A6.64 The ATO identified 247 taxpayers who had entered into a security lending arrangement. Of those, there have been 206 adverse amended assessments issued. No adverse assessment was issued in 41 cases either due to a lapse of the four year amendment period or because the taxpayers had been subject to an audit on their dividend and interest deduction prior to the audit project.

A6.65 For the 206 taxpayers who received an adverse amended assessment, information provided by the ATO lists the amount of tax outstanding prior to settlement as follows:

Primary tax $28,507,677
Tax shortfall penalty and GIC $13,403,292

A6.66 The above figure representing tax shortfall penalty and GIC was provided by the ATO. The Inspector-General has been informed that a break-up of the amount into the individual components is not available.

A6.67 Of those 206 taxpayers who had received an adverse amended assessment, 196 have entered into settlement agreements. Following settlement, the total tax outstanding prior to any payment being received was a follows:

Primary tax $10,821,570
GIC (pre-amendment interest) $1,722,293
Penalty tax Nil

A6.68 Whilst all participants were offered settlement on the same terms, there were three cases that were settled on the basis that exceptional individual circumstances existed that warranted further concessions by the ATO.151

A6.69 Finally, there are 10 disputed cases that have not yet settled and the amount of tax is still in dispute, with the amount of outstanding disputed tax as follows:

Primary tax $1,133,358
GIC (pre-amendment interest) $423,762
Penalty tax $107,620

Inspector-General's view

A6.70 As part of the settlement offer, the Commissioner remitted the penalties from 50 per cent to nil. The penalty remission policy states that in order for the Commissioner to exercise his remission powers, he will look at the facts and circumstances of the taxpayer. With the security lending arrangement cases, the Commissioner has taken the view, as demonstrated by the actual exercise of the remission power, that there were factors that warranted the remission of penalties in full.
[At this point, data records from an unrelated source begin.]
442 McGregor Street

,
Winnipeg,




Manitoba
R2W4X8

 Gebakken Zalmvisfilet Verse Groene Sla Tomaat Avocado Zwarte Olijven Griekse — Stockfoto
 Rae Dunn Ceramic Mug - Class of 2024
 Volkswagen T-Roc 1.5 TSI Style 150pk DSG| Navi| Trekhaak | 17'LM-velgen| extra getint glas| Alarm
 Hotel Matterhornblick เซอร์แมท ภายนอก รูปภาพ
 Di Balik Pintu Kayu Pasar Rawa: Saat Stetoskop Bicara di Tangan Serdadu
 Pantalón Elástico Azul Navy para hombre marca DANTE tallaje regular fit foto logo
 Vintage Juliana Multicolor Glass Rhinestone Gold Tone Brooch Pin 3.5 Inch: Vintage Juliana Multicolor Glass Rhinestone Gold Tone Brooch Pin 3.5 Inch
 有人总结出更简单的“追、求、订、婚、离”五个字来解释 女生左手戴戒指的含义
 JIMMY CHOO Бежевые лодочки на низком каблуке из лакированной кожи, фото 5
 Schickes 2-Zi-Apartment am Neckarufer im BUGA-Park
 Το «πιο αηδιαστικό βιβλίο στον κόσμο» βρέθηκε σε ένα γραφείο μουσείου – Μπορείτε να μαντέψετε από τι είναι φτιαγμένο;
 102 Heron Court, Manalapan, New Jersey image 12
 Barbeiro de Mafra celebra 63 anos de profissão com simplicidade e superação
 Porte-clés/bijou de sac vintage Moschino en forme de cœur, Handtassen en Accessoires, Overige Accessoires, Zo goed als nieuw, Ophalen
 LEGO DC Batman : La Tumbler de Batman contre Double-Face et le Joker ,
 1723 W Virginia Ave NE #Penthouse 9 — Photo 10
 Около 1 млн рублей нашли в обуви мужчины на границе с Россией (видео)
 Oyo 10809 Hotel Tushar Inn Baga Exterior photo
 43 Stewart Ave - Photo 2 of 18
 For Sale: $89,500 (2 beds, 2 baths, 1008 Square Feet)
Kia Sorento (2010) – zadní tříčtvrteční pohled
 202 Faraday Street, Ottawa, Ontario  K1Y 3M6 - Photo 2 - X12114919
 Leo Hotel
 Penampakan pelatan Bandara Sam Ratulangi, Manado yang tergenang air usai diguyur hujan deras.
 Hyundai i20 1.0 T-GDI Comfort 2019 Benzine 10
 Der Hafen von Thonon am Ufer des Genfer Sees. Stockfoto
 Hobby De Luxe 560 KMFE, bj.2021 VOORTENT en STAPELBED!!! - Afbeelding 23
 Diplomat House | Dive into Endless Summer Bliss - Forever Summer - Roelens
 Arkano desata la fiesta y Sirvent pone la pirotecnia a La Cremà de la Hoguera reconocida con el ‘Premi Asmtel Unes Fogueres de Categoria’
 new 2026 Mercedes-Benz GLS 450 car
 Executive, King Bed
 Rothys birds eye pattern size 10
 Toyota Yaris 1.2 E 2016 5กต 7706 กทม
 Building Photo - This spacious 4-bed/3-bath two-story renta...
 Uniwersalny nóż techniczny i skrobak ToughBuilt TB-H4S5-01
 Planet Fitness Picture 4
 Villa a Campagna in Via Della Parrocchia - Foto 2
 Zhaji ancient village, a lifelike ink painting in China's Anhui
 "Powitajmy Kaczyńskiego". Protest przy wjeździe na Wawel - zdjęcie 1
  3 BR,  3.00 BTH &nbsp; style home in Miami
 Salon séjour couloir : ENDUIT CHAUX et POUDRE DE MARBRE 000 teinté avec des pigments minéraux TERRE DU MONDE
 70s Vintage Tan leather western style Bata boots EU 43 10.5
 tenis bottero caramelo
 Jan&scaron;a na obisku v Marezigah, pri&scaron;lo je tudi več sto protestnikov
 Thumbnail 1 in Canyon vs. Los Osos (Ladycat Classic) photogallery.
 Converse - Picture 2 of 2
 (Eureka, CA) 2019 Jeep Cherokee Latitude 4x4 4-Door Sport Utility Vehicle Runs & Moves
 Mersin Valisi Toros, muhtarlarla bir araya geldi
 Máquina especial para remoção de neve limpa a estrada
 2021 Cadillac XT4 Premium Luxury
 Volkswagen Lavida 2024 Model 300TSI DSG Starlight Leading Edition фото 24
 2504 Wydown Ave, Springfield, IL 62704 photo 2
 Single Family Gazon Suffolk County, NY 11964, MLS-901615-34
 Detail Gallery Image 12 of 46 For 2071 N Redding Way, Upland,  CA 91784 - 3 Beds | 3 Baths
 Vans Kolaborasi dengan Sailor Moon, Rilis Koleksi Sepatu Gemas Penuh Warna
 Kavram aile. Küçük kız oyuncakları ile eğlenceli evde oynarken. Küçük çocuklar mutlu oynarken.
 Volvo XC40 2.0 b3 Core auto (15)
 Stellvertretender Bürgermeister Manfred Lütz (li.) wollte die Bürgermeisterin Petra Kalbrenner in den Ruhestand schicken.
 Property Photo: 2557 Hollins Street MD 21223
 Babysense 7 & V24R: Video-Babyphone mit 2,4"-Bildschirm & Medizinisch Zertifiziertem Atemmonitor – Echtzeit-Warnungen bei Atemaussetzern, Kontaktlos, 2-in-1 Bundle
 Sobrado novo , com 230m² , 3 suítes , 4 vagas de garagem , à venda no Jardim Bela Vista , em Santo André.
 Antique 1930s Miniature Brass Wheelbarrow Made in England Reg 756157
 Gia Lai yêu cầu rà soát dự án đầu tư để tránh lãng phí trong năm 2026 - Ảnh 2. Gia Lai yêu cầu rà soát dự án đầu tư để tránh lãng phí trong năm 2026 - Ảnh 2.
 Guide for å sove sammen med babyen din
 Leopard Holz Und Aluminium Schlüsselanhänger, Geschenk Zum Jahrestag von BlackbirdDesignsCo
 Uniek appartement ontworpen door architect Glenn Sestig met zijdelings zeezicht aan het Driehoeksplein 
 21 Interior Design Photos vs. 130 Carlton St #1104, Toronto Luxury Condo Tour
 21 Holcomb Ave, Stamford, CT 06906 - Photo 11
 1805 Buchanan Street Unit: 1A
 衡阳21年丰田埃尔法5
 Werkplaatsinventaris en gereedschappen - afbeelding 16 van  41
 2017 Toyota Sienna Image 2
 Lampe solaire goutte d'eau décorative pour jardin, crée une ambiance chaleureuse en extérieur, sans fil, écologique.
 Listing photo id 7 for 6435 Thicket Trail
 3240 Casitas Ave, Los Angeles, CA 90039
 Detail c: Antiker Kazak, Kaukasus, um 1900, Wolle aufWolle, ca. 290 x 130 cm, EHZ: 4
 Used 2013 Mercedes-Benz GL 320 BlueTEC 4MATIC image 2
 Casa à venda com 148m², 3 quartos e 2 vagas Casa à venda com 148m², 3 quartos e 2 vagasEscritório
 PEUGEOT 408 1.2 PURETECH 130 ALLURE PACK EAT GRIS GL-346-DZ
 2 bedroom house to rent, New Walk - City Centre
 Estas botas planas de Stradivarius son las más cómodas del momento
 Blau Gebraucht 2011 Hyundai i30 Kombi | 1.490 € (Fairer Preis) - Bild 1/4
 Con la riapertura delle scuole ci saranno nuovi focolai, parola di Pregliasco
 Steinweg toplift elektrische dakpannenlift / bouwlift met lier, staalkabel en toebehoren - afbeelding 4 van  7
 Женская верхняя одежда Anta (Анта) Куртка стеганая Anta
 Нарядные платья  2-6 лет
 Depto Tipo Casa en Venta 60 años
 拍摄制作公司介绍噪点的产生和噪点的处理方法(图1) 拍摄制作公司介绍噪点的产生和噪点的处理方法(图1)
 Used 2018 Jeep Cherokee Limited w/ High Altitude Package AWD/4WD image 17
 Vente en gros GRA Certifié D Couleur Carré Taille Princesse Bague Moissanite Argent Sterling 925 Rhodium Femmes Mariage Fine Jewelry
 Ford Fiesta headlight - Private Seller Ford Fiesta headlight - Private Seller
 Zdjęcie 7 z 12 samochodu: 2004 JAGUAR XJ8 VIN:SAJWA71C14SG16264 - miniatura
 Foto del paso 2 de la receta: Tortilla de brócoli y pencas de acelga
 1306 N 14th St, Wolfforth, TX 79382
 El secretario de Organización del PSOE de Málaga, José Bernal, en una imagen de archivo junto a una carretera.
A6.71 The Commissioner also remitted the interest charge to the 13 week Treasury note rate and the 90 day bank bill rate between the due date of payment and the date of voluntary disclosure. The interest rate was remitted to nil for the period from the date a participant made a voluntary disclosure until the date the amended assessment issued.

A6.72 Consistent with Key Finding 1, the flexible approach adopted by the Commissioner alleviated any punitive-like effect in the application of the interest charge for the pre-amended assessment period.


142 Australian Taxation Office, 'Tax Office Releases New Draft Ruling on Retirement Villages', Media Release — Nat 2000/35, 19 April 2000.

143 ibid.

144 ATO Minute No: IGT 26-2004, dated 11 May 2004.

145 ibid.

146 Australian Taxation Office, Media Release Nat 99/21, dated 15 June 1999.

147 Australian Taxation Office, Media Release Nat 99/84, dated 30 November 1999.

148 Information provided to the Inspector-General of Taxation by the ATO in an email dated 1 April 2004.

149 ATO Minute No: IGT5-2004, dated 27 January 2004.

150 Information provided to the Inspector-General of Taxation by the ATO in an email dated 1 April 2004.

151 Information provided to the Inspector-General of Taxation by the ATO in an email dated 10 March 2004.